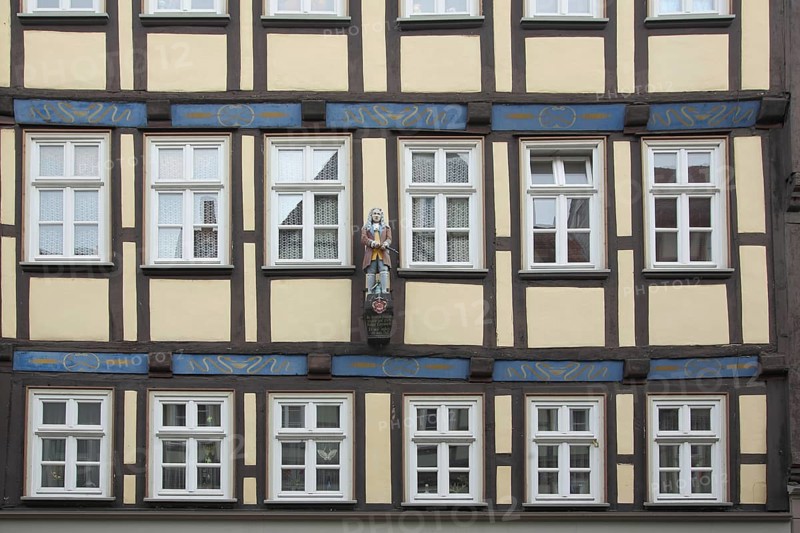 Death house of Doctor Eisenbart with sculpture, half-timbered house, detail, house façade, Hann. Münden, Hannoversch Münden, Lower Saxony, Germany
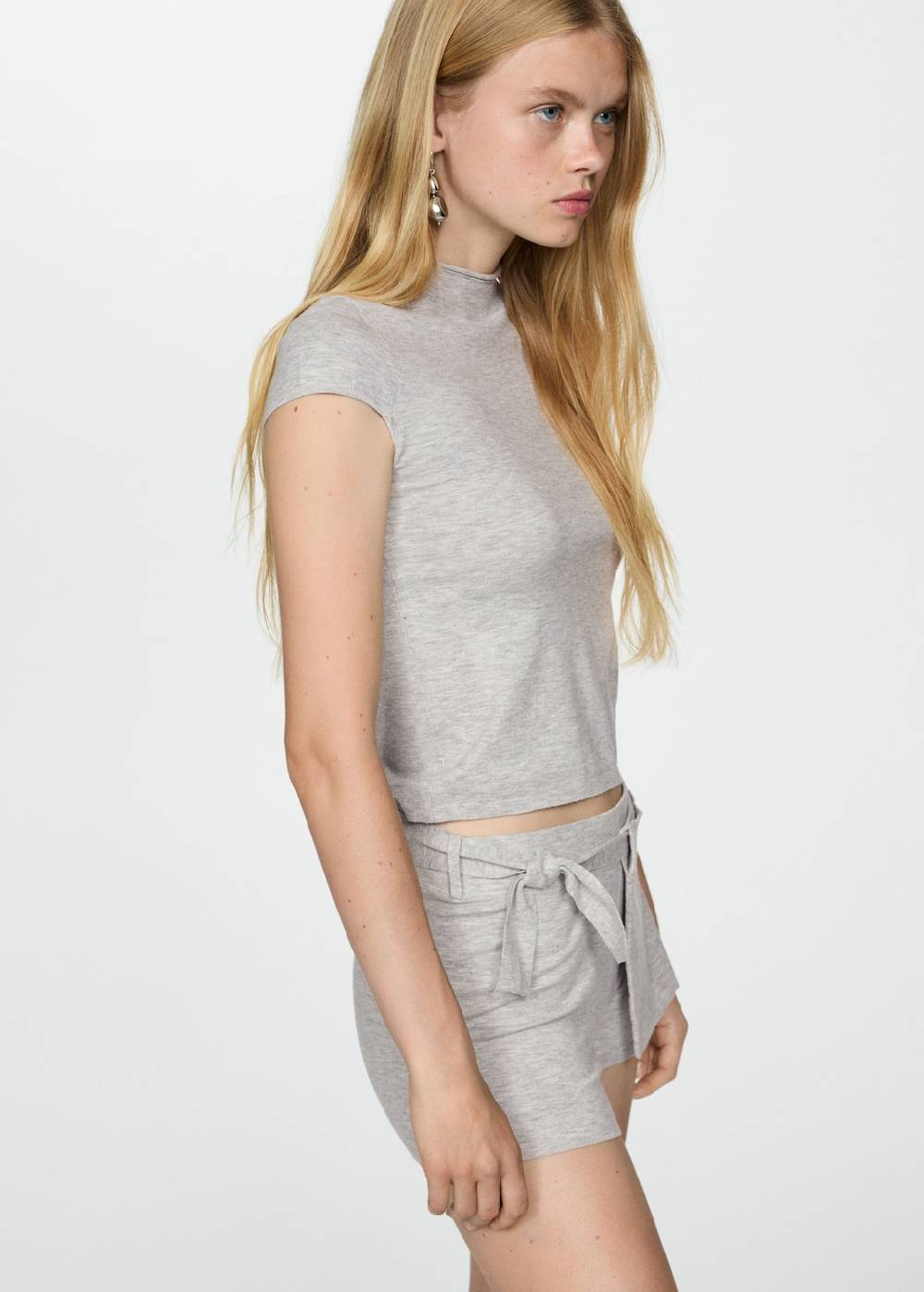 Mango Strickshorts mit Schleife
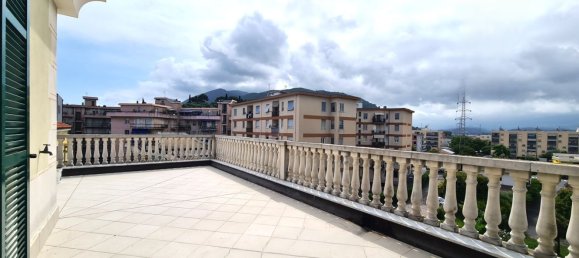 Пентхаус с 2 комнатами в Альбенга, Италия № 272380 24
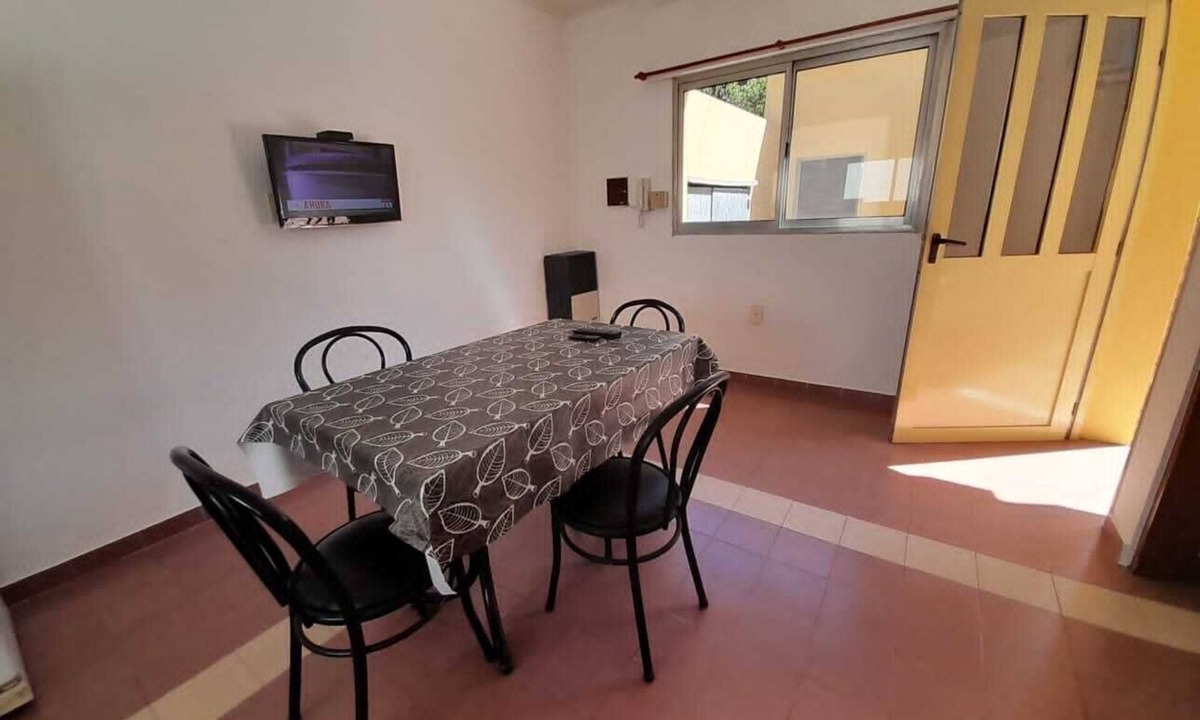 Los Toldos House | House for 4 people in the center of the city.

*****

(WHAT THIS TASK INVOLVES)
The complete material, set down exactly and stripped of pictures, is the expected response.

(OUTPUT BELOW)
 Death house of Doctor Eisenbart with sculpture, half-timbered house, detail, house façade, Hann. Münden, Hannoversch Münden, Lower Saxony, Germany
 Mango Strickshorts mit Schleife
 Пентхаус с 2 комнатами в Альбенга, Италия № 272380 24
 Los Toldos House | House for 4 people in the center of the city.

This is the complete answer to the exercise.